Recorded data section start
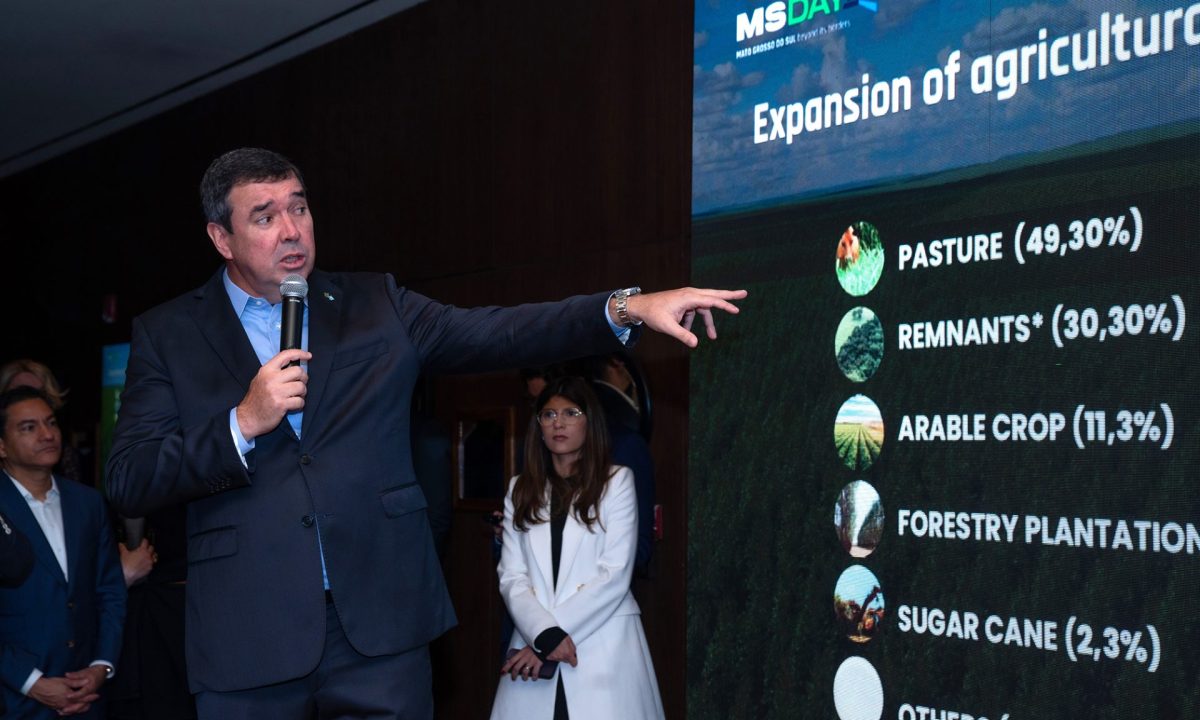 Foto-Divulgacao-3-scaled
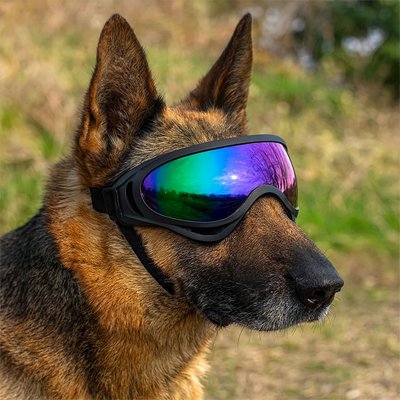 Lunettes pour chien reflet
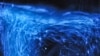 'Creatures of Light' Glow in New Exhibit 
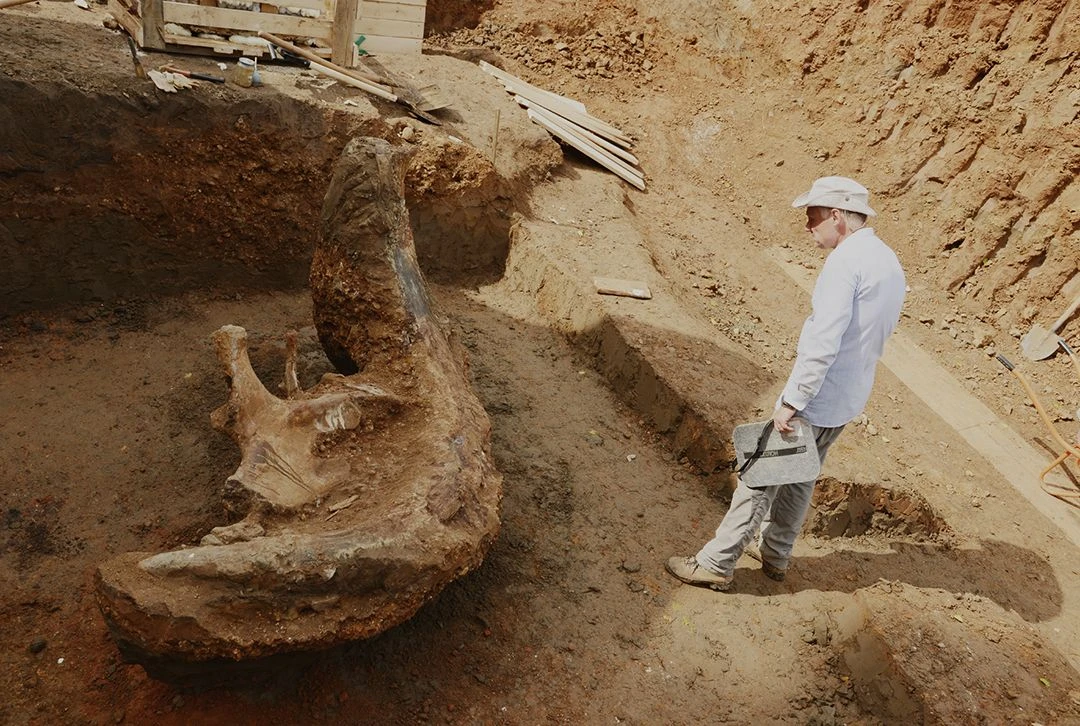 Научный руководитель раскопок Евгений Николаевич Мащенко (Палеонтологический институт РАН).<br>Фото: Пермский краеведческий музей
Recorded data section end
# Task directions
For the data above, return an exact copy that contains no pictures.

# Response
 Foto-Divulgacao-3-scaled
 Lunettes pour chien reflet
 'Creatures of Light' Glow in New Exhibit 
 Научный руководитель раскопок Евгений Николаевич Мащенко (Палеонтологический институт РАН).<br>Фото: Пермский краеведческий музей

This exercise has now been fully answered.